Your task:
Word for word, retype the lines from the one containing "BetterBody Foods Golden" to the one containing "Outdoor Garden Hammock" below, keeping both end lines and dropping the pictures.

Records supplied:

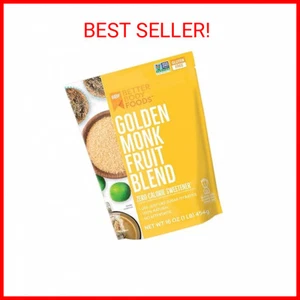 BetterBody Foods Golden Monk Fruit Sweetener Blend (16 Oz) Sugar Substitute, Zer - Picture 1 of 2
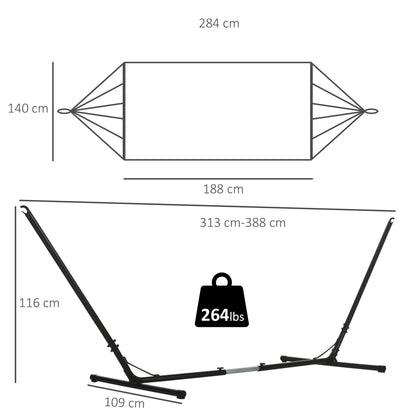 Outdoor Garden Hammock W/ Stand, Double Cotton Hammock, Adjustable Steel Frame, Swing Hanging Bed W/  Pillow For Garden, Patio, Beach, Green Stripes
---
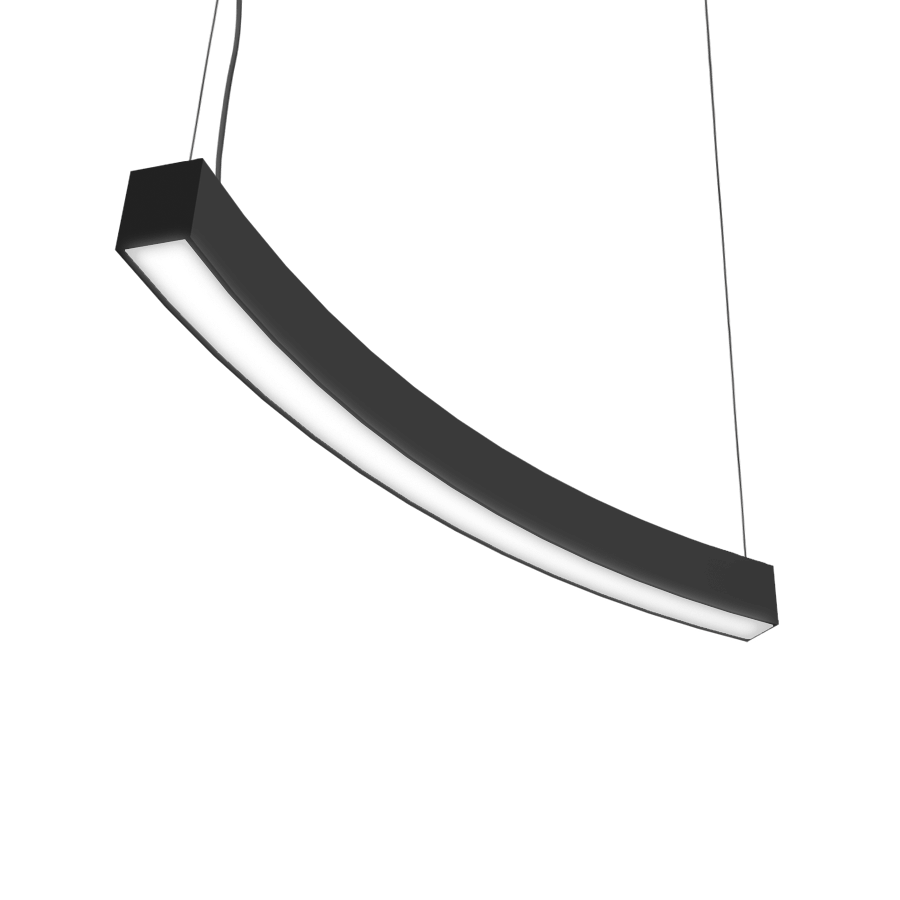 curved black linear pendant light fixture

Response area:
 BetterBody Foods Golden Monk Fruit Sweetener Blend (16 Oz) Sugar Substitute, Zer - Picture 1 of 2
 Outdoor Garden Hammock W/ Stand, Double Cotton Hammock, Adjustable Steel Frame, Swing Hanging Bed W/  Pillow For Garden, Patio, Beach, Green Stripes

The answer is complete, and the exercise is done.